Porter Jr.’s younger brother Jontay, a 5-star forward in the Class of 2018, reclassified to play for Mizzou. Then, in an effort to avoid a “Fultz” situation, the siblings began their quest to bring other top-rated recruits to the program.
“I figured Michael wasn’t where it was gonna end,” junior Kevin Puryear said. “We knew when Michael committed there was gonna be buzz.”
The result: a class of new recruits that is probably the most exciting in program history. There’s the 5-star Porters, 4-star power forward Jeremiah Tillman from East St. Louis, Ill., 4-star point guard Blake Harris from North Carolina, and 3-star point guard C.J. Roberts from Texas.
Per Porter Jr., Tillman is “a monster.”
“That dude is a certified pro,” Porter said. “A lot of people don’t know that. He will be an NBA player one day, for sure. And I don’t think it’ll be long before that happens.”
Porter also mentioned that his brother Jontay is “severely underrated,” and noted that Harris posted John Wall-esque numbers at the team’s pro day and “might be the fastest player I’ve seen in terms of point guards.”
The elite group of freshmen is sure to arouse suspicion during such a tumultuous time for compliance offices around the country, but this seems like the result of fateful circumstances, not illicit activity.

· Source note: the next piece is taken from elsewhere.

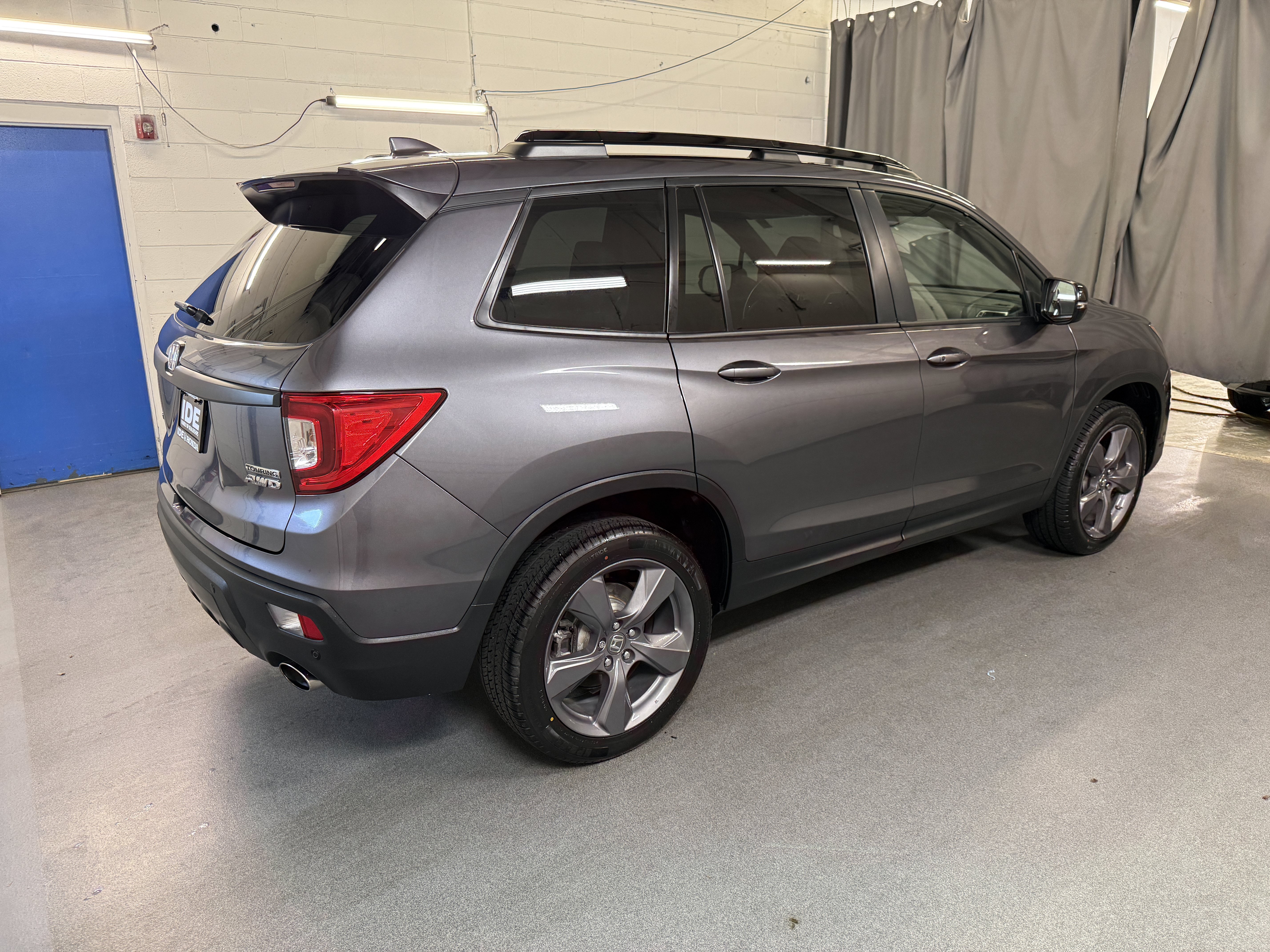 Used 2019 Modern Steel Metallic Honda Touring image 8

Porter Jr. spent many of his formative years in Columbia, starring for Father Tolton High School before moving to Seattle with his father and brother last year. His college commitment apparently hung on the fate of Porter Sr., a former Missouri women’s basketball assistant who spent last season on Lorenzo Romar’s staff at Washington. When Romar was fired and Porter Sr. was subsequently hired by Martin at Missouri, it paved the way for Junior to come to Columbia (where both of his sisters play for the Tigers’ women’s team, which his aunt coaches).
“Coming back to Missouri, it just felt like home automatically,” Porter said Wednesday. “That’s part of the reason I wanted to come back here. I’ve been around the program for so long. I know campus like the back of my hand. And my family’s all there.”
News of Porter’s signing reinvigorated a fan base that has been suffering through an unusually long drought. The Tigers have not made the NCAA Tournament since 2012, and have not won a tournament game since 2010.
Previous coach Kim Anderson went 27-68 from 2014-17 while struggling to overcome sanctions stemming primarily from previous coach Frank Haith’s tenure.
“I think there were some interesting circumstances, and those are circumstances that I’ve never discussed with anybody,” Anderson, a former Tigers star, said in April. “So, obviously, I won’t start discussing them today. But I thought we did a good job.”
Puryear is one of the holdovers from the Anderson era. The 6-foot-7 forward averaged 11.8 points and 6 rebounds as a sophomore. Junior guards Terrence Phillips and Cullen VanLeer and senior forward Jordan Barnett are a few other notable returnees who should see plenty of minutes this season.
“I think there’s a lot of mismatch opportunities,” Puryear said. “Having JB and Michael on the wings [with Puryear at center], that’s crazy, because they both have 40-inch verticals.”
The spotlight will be directly on the Porter brothers this winter. Their presence singlehandedly turned Missouri from a projected SEC doormat to a credible Final Four threat, giving the struggling athletic department — not to mention the enrollment office — something to cheer about.
“It’s a huge deal,” Puryear said. “Anybody in Columbia knows that.”
Porter is not yet convinced.
“I still don’t think people think we’re gonna be good, and that’s fine,” he said. “That just means that we’re gonna surprise people. But we’re gonna be good … I have no doubts about that.”